§ What to do: In the data below, how many lines include the string "Foto"? Give only the number.

Crawled caption data
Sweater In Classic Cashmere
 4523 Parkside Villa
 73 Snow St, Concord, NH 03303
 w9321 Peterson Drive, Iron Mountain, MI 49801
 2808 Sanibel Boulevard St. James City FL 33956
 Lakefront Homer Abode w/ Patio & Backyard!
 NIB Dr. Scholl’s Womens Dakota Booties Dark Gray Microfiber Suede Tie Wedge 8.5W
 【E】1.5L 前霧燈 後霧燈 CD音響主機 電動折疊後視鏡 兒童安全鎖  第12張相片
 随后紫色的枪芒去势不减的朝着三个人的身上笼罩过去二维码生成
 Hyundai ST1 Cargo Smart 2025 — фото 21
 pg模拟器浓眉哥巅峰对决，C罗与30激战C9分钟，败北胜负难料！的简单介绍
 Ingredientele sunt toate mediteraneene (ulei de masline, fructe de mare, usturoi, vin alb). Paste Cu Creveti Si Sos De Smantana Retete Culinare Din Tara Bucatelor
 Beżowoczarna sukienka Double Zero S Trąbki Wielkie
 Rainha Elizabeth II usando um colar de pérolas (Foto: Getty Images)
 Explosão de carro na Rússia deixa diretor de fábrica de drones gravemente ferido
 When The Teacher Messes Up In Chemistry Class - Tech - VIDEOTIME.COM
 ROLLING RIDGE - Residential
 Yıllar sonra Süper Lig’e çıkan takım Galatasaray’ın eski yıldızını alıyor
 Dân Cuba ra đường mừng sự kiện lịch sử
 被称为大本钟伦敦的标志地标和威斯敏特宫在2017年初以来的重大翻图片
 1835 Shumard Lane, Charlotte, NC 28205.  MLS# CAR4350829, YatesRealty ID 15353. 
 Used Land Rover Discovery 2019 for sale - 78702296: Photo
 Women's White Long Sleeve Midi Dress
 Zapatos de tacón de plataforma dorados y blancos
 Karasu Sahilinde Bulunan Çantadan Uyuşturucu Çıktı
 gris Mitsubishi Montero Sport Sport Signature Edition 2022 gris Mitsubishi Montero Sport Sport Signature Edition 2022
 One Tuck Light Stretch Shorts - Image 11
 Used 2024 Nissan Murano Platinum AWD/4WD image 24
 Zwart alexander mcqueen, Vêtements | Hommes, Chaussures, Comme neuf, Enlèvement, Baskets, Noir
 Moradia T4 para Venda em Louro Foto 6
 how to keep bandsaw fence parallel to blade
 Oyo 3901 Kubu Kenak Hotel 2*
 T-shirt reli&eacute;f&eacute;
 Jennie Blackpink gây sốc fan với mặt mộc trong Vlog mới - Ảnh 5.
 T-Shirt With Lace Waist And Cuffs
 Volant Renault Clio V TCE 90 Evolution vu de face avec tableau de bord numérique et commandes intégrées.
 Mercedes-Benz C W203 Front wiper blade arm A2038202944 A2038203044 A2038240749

§ Response to this exercise: 2